I don't think the JLS says anything much different that my simple definition. Also, I'm not interested in the overly pessimistic locking models we are current forced to use. Database vendors realized a long time ago that is you want things to scale, you can not use pessimistic locking models. But using a CAS, we should be able to loosen the model up a bit and in the process, achieve higher throughput. There is no point in giving me a data structure that forces me to use synchronization on an outer layer. In fact, Little's law tells me that would be worse than just using a fully synchronized data structure.

I'm not saying this code is incorrect, I'm just pointing out that I don't understand why the author(s) decided to over-ride the value of using CAS in that it will fail if you can't predict the current value in the memory cell. That gives me a chance to decide how I want to react to the situation. In this code, I've no choice, the value will be slammed down into the cell no matter what. The most popular use cases would or could force me to synchronize the call to getAndSet thus defeating the purpose of using such a data structure.

IMHO, this only works because locks (read shared data) are rarely accessed by more than one thread. In those rare cases where you do have many threads chasing the same bits of data, there is rarely contention. The reasons for this are numerous but one is tied to the number of cores that we've typically been testing with. That condition (as we are well aware) is fast coming to and end. So while this maybe good enough for our current situation, we must remember that it is good enough for our current situation.

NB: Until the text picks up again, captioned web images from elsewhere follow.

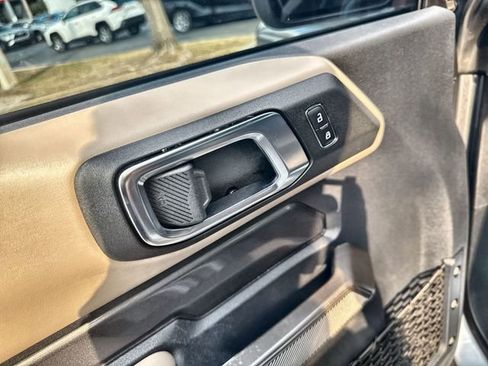 Used 2023 Ford Bronco Wildtrak image 22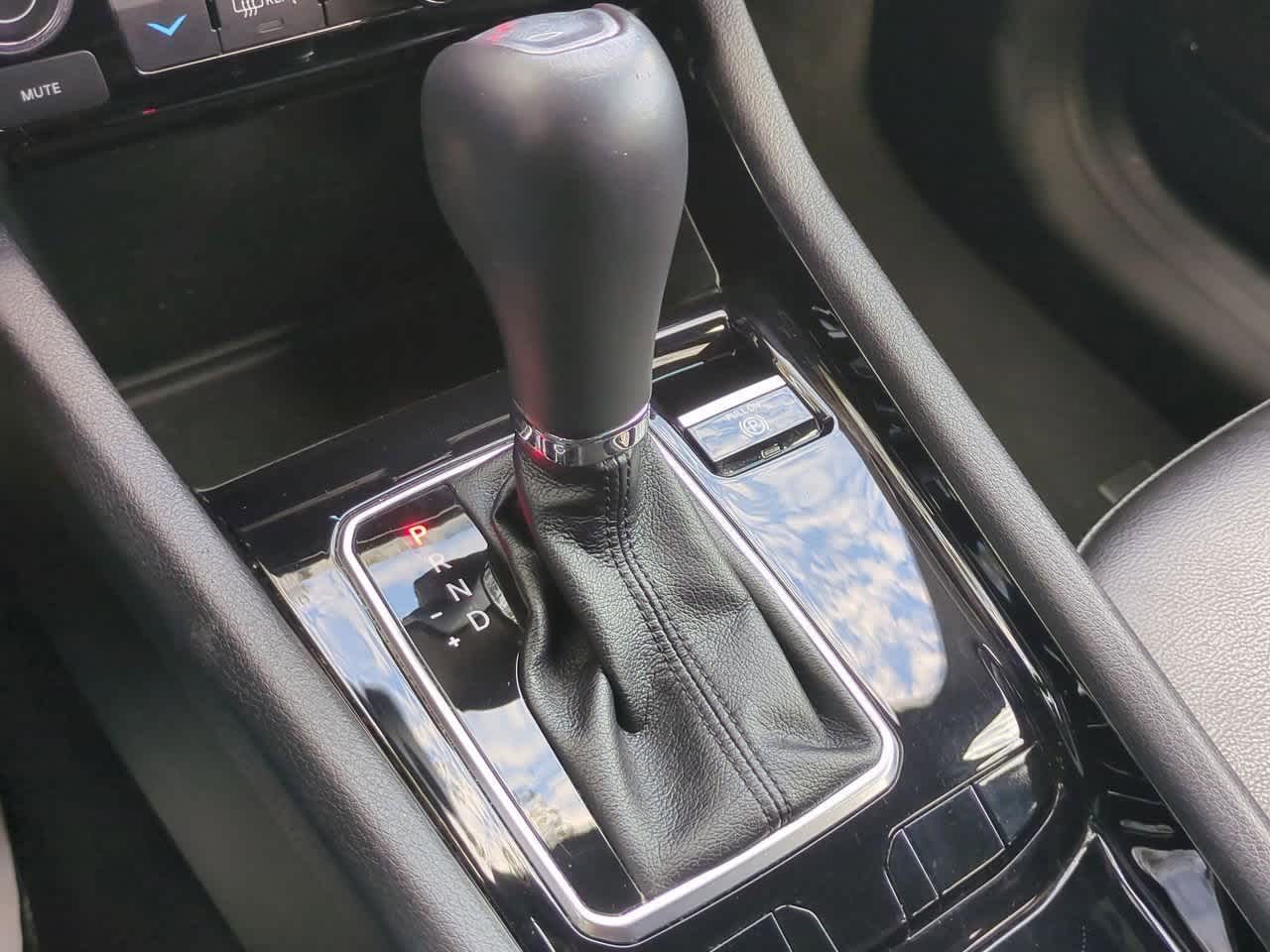 Thumbnail: 2022 Jeep Compass - 32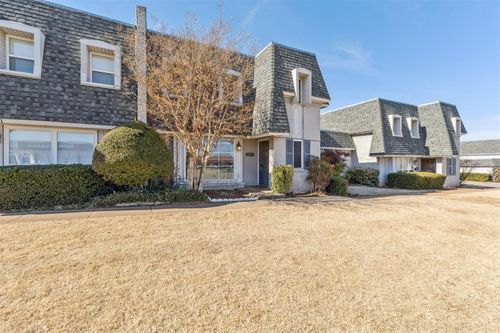 11333 N May Ave, Oklahoma City, OK, 73120-5810 | Card Image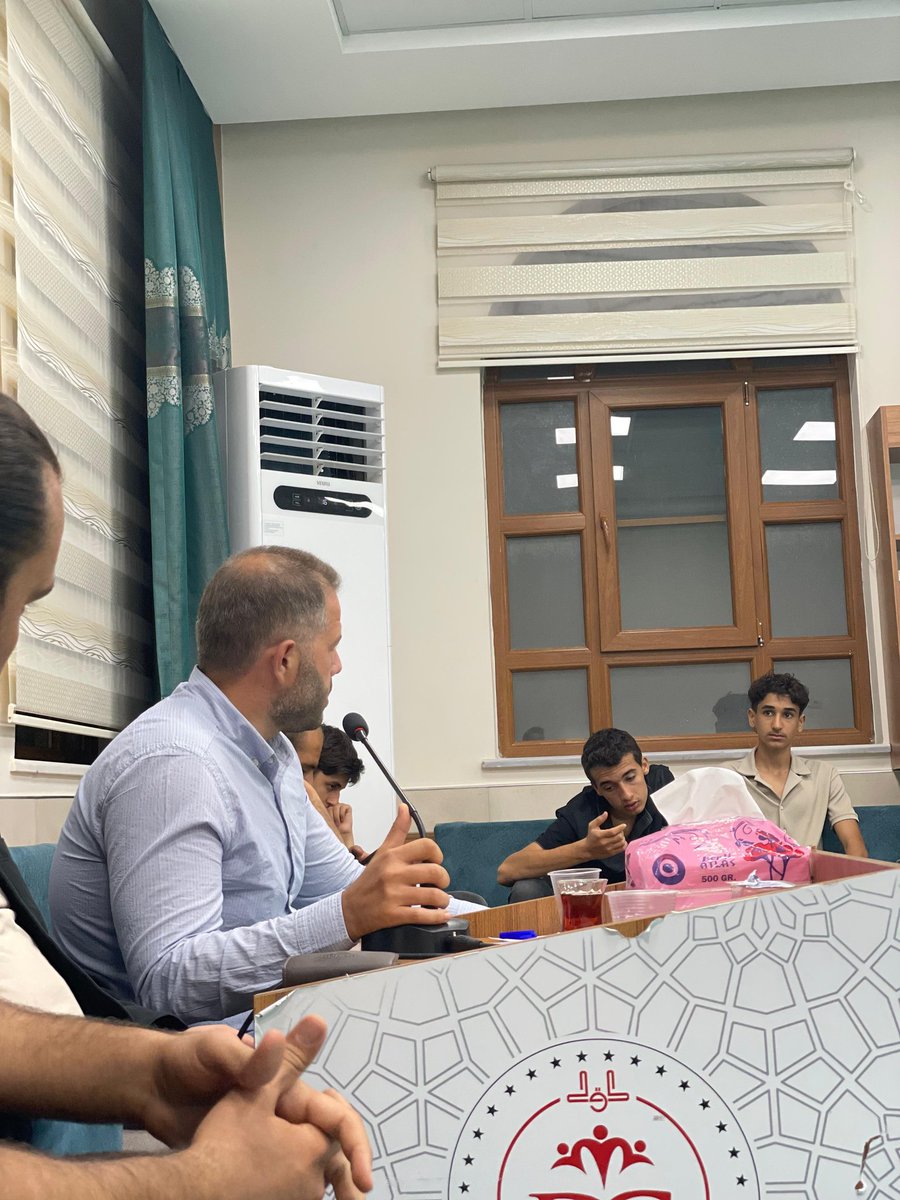 TugvaKilis's tweet photo. ✨ TÜGVA Kilis olarak bu hafta Velhasıl Sohbeti programımızı, Elbeyli İlçe Müftüsü Sn. Mustafa Talha Çıtlık hocamızın katılımıyla Diyanet Gençlik Merkezi'nde gerçekleştirdik.

🌙 Manevi atmosferi paylaşan tüm kardeşlerimize teşekkür ediyoruz.

#TUGVA #TugvaKilis #Gençlik https://t.co/eqBq1Ey8en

I'll be posting code in the next couple of weeks so people can kill my code instead of my words ;-)

Kirk,

It seems don't get what you're not getting. ;-) Why don't you use compareAndSet() instead of getAndSet() to set the value conditionally?

Kofa

Indeed, compareAndSet is a better choice. But the question still remains, why is that method there in the first place?

why is that method there in the first place?

Well, check out the source of LinkedBlockingQueue.

Also, suppose that there is a buffer that can hold one element only. Normally, one would implement this with a bounded queue, but for the sake of the example we'll use an AtomicReference. The sets of threads could be using it, producers that put something there if empty, and consumers, which take whatever is there. We'll throttle producers by having them process the item themselves if the buffer is full (meaning all consumers are busy - normally, consumer threads will take items and process them, so the buffer should be empty); this way, producers will not create too many items that no thread can process.

Producers would do:

while (true) {

• Item i = new Item();

• if (!buffer.compareAndSet(null, i)) {

• // buffer was full, no consumer is available, we'll process the item ourselves

• processItem(i);

• }

A consumer could do something like this:

while (true) {

• // we attempt to take an item and mark the buffer as empty

• Item i = buffer.getAndSet(null);

• if (null != item) {

• // there is some work to do

• processItem(i);

• } else {

• // buffer was empty, do something else

• doSomeOtherWorkOrGoOnVacation();

• }

I know the example is contrived. Real uses would probably be synchronisation logic, like in LinkedBlockingQueue.

I wouldn't necessarily say that the example code is contrived. I would say that as much as it justifies the implementation, it also calls into question as to where to draw the line when designing a group of classes. The technical label for this is separation of concerns. The question remains; is it appropriate for this method to exist in the class? Is this slam down behavior something that should be in the client code rather than here? I'd argue yes but not to the death.